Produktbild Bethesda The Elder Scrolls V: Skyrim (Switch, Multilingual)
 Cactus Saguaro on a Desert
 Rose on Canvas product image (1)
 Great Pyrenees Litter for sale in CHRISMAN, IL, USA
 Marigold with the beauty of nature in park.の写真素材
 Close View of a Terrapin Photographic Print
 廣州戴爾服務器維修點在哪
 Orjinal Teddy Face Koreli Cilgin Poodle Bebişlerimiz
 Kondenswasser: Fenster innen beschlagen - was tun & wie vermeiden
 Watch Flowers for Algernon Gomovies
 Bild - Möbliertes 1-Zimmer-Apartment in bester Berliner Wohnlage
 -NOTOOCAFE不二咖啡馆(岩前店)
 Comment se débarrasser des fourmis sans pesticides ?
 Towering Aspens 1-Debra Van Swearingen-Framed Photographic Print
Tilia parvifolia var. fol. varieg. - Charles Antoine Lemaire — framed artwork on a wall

════════

Copy out the whole listing exactly as written.

Produktbild Bethesda The Elder Scrolls V: Skyrim (Switch, Multilingual)
 Cactus Saguaro on a Desert
 Rose on Canvas product image (1)
 Great Pyrenees Litter for sale in CHRISMAN, IL, USA
 Marigold with the beauty of nature in park.の写真素材
 Close View of a Terrapin Photographic Print
 廣州戴爾服務器維修點在哪
 Orjinal Teddy Face Koreli Cilgin Poodle Bebişlerimiz
 Kondenswasser: Fenster innen beschlagen - was tun & wie vermeiden
 Watch Flowers for Algernon Gomovies
 Bild - Möbliertes 1-Zimmer-Apartment in bester Berliner Wohnlage
 -NOTOOCAFE不二咖啡馆(岩前店)
 Comment se débarrasser des fourmis sans pesticides ?
 Towering Aspens 1-Debra Van Swearingen-Framed Photographic Print
Tilia parvifolia var. fol. varieg. - Charles Antoine Lemaire — framed artwork on a wall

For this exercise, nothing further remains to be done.